空・殻・核 (くうからかく)

クロノスとカイロスの狭間を転がる

4.オイラー線

ここで、「宇宙の果て」からの眼差しというものをちょっと考えてみる。その「宇宙の果て」こそが実はHuman(人間)の観測位置であり、そのHuman(人間)という遥か彼方からこのObject(対象、物)へと目掛けて眼差しが注がれるとき、既に眼差しの本来性としてのGod(神)がその線分上に書かれているとしたら、どうだろうか。それこそがH-G-Oと結んだ線分であり、本当は無限の長さを持つものが、その長さに縮められたものなのだ。3本の直交軸で特定されるある位置を持つ点Hから、その3方向を全体性として等価に関係させる原点Oという基準点へ向けて、その途中で、たいそうずっしりとした重みを有したある点Gが存在する。
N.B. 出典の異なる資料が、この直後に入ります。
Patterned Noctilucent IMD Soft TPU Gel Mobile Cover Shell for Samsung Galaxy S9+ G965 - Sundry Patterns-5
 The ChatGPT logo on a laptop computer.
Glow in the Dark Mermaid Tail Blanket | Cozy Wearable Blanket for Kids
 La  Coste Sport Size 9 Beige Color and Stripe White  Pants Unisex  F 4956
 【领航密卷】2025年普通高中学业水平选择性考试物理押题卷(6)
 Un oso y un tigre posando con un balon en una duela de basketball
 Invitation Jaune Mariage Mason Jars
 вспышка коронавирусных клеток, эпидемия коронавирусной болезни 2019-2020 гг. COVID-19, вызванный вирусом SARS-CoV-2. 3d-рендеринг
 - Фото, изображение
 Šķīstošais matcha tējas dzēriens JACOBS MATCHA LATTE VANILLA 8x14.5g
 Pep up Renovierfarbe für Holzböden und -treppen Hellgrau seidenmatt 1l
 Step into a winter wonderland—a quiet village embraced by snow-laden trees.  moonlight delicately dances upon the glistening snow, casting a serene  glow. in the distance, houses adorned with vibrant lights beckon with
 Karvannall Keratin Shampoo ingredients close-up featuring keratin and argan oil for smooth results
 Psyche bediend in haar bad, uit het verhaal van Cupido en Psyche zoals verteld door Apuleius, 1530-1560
それはまるで「精神」が「物質」として結実する途上で、とても大事な何かをなんとか零さないように抱えたまま転がっていくもの――それこそが「生命」なのだとふと思う。

 

そこで、このH-G-Oを結んだ線分上に一体どんな秘密が隠されているのだろうかと、少し調べてみたい。この線分は、数学的には2次元の幾何学において、「オイラー線」と呼ばれるものだ。ウィキペディアの「オイラー線」の図を参照しながら、見ていこう。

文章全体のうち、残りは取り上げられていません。